Analytics and Forecast Modeling

The GAO reports various analytical methods that can help researchers and decision leaders utilize these data collections to gain more insight into COVID-19 and its effects. Analytics, in fact, can even help overcome some of the data collection limitations, the report argues. For example, analysis on the deaths due to respiratory diseases and on higher-than-expected deaths from all causes will help to fill the gaps presented in the mortality data. By examining these broader trends, the effects and severity of COVID-19 are realized from a new perspective.  

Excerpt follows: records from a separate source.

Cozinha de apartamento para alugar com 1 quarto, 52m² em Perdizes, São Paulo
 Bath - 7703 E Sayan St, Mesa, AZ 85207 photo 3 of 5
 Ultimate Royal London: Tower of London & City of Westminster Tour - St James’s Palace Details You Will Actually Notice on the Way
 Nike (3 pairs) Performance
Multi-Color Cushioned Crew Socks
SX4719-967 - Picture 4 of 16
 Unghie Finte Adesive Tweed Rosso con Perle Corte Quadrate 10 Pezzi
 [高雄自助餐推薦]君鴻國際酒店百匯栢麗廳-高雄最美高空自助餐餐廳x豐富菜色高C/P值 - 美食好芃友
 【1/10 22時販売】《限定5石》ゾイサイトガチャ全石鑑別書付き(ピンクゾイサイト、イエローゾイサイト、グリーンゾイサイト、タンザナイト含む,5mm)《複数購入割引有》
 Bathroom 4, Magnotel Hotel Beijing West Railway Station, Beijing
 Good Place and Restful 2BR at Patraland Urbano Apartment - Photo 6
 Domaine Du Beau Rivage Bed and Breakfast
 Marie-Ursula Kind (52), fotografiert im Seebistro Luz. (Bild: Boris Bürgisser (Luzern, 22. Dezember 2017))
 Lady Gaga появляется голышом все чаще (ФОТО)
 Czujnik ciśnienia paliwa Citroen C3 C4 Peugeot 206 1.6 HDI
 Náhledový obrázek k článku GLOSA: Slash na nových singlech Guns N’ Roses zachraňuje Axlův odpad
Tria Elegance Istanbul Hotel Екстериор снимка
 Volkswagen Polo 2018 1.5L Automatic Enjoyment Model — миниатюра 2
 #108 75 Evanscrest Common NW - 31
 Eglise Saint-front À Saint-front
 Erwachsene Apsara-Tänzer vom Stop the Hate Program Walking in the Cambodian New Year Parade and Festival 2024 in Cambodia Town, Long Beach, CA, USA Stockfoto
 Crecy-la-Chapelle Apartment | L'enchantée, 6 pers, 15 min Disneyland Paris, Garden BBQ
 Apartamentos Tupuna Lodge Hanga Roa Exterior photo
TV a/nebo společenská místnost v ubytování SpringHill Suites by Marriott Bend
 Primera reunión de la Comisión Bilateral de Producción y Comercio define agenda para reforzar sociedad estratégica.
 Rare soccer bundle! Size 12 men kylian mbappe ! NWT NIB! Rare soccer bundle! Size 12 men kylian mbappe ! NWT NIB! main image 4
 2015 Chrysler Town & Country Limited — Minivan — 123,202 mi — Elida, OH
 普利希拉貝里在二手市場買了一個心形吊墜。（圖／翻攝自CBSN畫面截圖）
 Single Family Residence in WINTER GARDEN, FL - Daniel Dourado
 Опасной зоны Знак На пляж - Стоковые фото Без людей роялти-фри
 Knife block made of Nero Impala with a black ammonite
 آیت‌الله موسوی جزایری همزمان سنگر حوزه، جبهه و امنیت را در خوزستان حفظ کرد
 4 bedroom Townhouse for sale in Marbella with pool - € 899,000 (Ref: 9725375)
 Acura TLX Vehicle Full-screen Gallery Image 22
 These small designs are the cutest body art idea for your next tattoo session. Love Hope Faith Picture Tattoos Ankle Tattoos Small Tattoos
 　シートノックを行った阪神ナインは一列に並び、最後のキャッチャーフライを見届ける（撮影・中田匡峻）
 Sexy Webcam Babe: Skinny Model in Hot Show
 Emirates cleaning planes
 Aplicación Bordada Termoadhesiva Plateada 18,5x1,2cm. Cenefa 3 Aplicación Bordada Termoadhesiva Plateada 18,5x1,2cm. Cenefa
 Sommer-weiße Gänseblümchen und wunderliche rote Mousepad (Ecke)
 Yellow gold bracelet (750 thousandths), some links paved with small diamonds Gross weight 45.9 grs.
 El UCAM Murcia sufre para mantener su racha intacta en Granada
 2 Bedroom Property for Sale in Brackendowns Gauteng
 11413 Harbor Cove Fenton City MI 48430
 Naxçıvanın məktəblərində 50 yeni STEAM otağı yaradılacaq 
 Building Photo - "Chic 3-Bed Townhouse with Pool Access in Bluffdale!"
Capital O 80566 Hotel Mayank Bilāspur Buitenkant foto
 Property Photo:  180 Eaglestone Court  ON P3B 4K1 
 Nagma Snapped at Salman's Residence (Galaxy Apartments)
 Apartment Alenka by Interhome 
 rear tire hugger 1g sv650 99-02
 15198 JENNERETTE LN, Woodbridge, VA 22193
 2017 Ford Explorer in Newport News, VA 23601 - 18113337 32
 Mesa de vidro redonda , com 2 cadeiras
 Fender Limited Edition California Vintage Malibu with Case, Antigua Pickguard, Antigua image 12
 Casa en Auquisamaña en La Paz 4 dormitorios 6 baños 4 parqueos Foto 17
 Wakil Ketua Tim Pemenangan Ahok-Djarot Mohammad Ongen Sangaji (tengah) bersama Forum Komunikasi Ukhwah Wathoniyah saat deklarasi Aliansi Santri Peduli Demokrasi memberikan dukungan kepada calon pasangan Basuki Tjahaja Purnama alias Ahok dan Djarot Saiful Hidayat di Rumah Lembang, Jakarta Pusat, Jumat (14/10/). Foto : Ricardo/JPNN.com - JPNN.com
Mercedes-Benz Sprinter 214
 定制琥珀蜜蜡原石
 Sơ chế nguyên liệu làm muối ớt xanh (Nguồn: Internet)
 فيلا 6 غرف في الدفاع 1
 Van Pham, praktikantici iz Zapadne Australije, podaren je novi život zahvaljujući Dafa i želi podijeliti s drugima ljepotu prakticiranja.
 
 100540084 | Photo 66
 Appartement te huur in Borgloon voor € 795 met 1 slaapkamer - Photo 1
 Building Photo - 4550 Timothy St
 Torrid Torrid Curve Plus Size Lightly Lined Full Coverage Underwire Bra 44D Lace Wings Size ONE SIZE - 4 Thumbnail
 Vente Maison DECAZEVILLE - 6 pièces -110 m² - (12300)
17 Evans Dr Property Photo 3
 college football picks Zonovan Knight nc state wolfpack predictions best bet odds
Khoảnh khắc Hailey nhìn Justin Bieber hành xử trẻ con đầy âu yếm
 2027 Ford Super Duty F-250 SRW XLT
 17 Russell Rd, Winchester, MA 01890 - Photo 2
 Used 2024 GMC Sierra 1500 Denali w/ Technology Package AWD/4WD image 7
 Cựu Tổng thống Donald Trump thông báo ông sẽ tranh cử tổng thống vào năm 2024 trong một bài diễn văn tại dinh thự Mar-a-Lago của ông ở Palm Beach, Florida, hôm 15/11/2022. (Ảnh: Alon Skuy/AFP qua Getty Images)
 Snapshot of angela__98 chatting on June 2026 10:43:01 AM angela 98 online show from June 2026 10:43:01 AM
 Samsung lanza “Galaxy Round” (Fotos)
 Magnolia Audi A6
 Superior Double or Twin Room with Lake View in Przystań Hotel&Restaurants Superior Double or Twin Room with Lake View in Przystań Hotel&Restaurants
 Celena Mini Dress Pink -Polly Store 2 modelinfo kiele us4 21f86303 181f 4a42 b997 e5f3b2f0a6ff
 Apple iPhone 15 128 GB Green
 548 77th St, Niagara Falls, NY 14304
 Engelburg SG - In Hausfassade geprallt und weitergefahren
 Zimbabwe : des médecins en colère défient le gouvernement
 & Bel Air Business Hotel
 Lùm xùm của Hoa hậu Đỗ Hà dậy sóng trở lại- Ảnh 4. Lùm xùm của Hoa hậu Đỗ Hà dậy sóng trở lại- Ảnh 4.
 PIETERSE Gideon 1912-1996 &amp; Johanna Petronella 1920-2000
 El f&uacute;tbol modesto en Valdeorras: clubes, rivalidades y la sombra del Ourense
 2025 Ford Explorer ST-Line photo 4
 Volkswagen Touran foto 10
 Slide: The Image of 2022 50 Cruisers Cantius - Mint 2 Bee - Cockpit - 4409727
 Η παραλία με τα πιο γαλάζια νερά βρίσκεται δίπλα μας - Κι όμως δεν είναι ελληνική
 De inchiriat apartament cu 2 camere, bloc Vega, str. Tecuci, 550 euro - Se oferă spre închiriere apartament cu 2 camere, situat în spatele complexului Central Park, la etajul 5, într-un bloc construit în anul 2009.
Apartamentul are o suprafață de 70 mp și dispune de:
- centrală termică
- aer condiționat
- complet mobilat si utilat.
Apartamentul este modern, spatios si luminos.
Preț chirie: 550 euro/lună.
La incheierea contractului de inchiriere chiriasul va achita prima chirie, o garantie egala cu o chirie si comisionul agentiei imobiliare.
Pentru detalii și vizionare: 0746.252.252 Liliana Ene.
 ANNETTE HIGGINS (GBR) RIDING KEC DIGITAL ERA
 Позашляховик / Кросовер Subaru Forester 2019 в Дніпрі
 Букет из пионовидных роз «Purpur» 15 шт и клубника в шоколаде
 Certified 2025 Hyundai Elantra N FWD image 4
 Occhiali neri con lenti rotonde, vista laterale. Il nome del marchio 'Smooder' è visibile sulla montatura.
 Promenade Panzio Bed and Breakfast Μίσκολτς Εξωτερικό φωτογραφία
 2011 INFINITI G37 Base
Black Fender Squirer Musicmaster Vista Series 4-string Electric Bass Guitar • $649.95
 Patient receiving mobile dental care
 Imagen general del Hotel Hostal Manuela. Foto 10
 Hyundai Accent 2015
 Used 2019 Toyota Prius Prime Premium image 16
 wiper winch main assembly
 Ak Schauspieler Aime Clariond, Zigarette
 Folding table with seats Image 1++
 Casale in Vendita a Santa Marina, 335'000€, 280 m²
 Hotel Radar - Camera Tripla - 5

Additionally, forecast data modeling can also provide valuable insight. According to the report, “A model uses equations and logic to simplify aspects of nature that can be complicated and difficult to understand…in the context of a public health response to a disease outbreak, models are used to understand the drivers of a particular outbreak, assess the risk of certain diseases, detect or forecast new outbreaks, and investigate the potential effects of public health interventions.”

Nonetheless, the report focuses on also understanding the limitations of forecast data modeling. These include being reliant on the underlying data, which if scarce and inconsistent, will affect the precision of the model. Moreover, the overreliance on data, particularly early on in an outbreak, will produce uncertainty in the modeling. Lastly, explaining the model in an effective manner to an audience may be difficult, leaving room for misinterpretation or oversimplification.

The GAO has sent these findings to the CDC and is awaiting a technical response from the agency.